**Source data:**
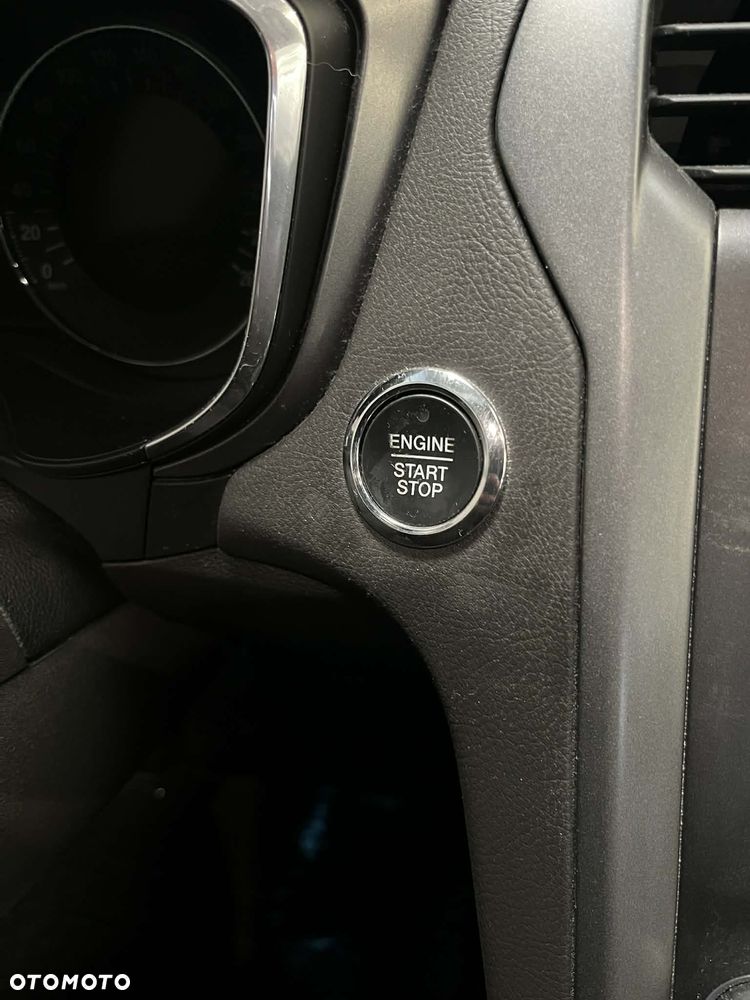 Ford Mondeo 1.5 EcoBoost Titanium - 13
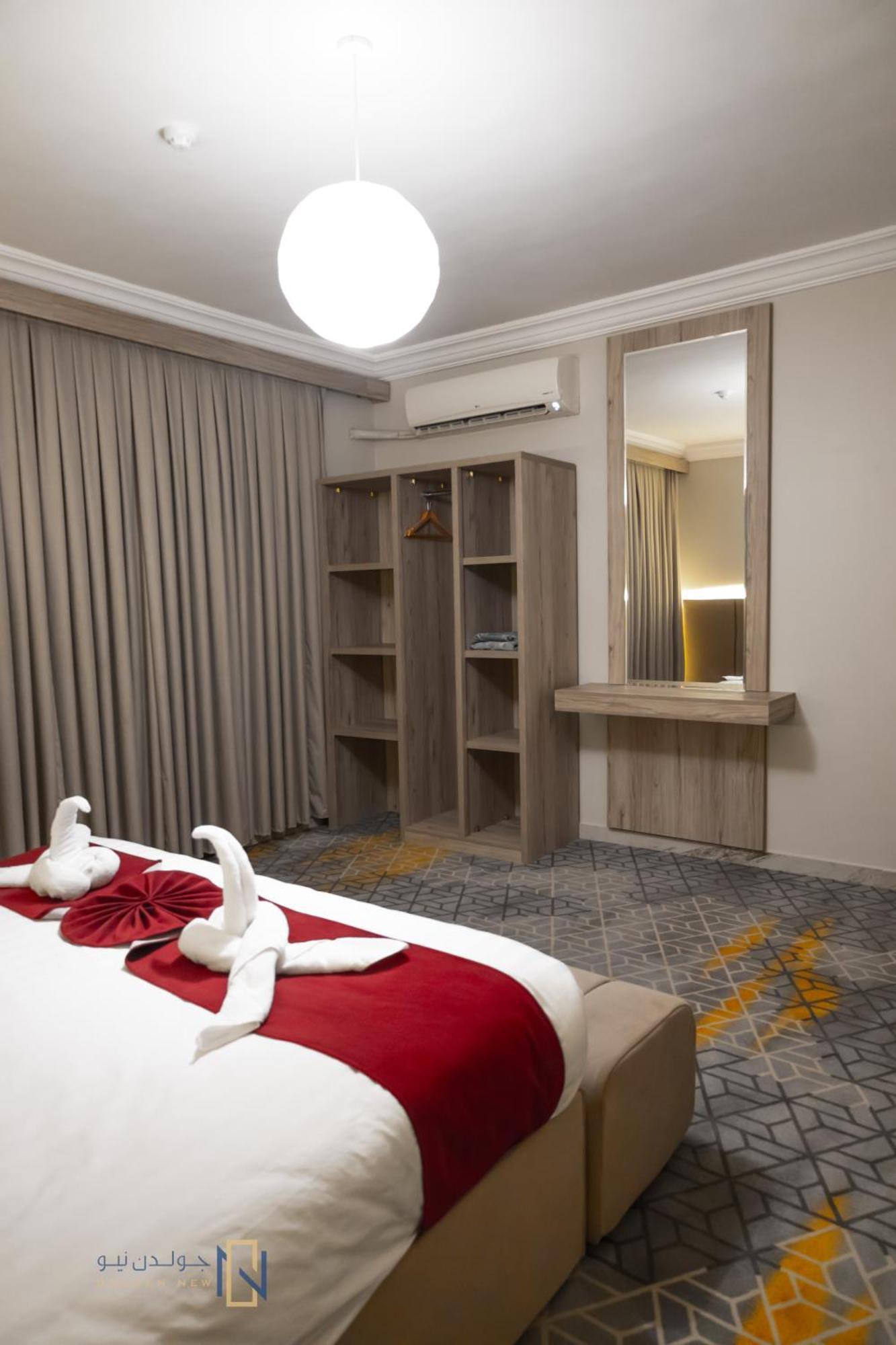 ג'דה Golden New Al Safa Hotel מראה חיצוני תמונה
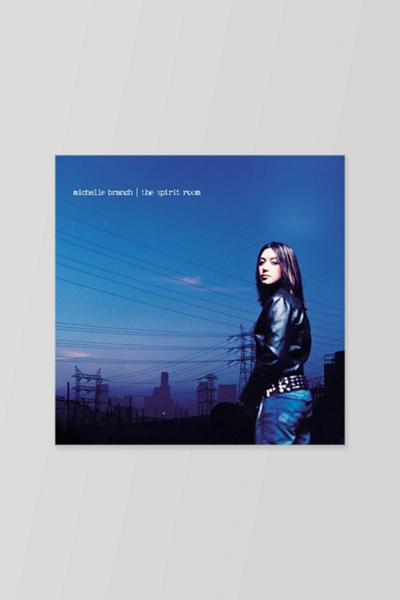洋楽 Michelle Branch The Spirit Room LP Michelle Branch - The Spirit Room LP | Urban Outfitters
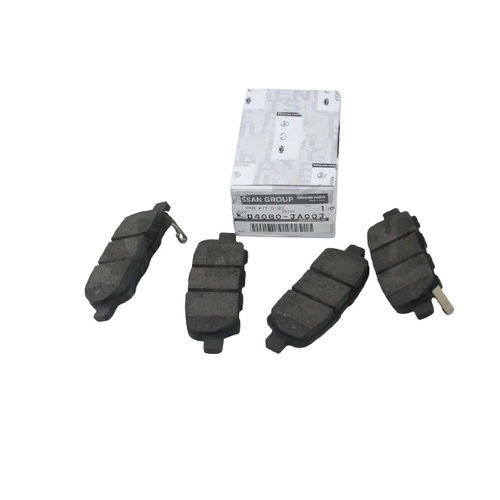 Pad Kit-Disc D4060-JA00J for Nissan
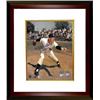 Image 1 : Whitey Ford Signed New York Yankees 8X10 Photo HOF 74 Custom Framed- MLB Hologram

**Exercise:**
Give back exactly the lines from the one that contains "Pad Kit-Disc D4060-JA00J for Nissan" to the final line of the data above, both included, with all pictures removed.

**Result for this task:**
 Pad Kit-Disc D4060-JA00J for Nissan
 Image 1 : Whitey Ford Signed New York Yankees 8X10 Photo HOF 74 Custom Framed- MLB Hologram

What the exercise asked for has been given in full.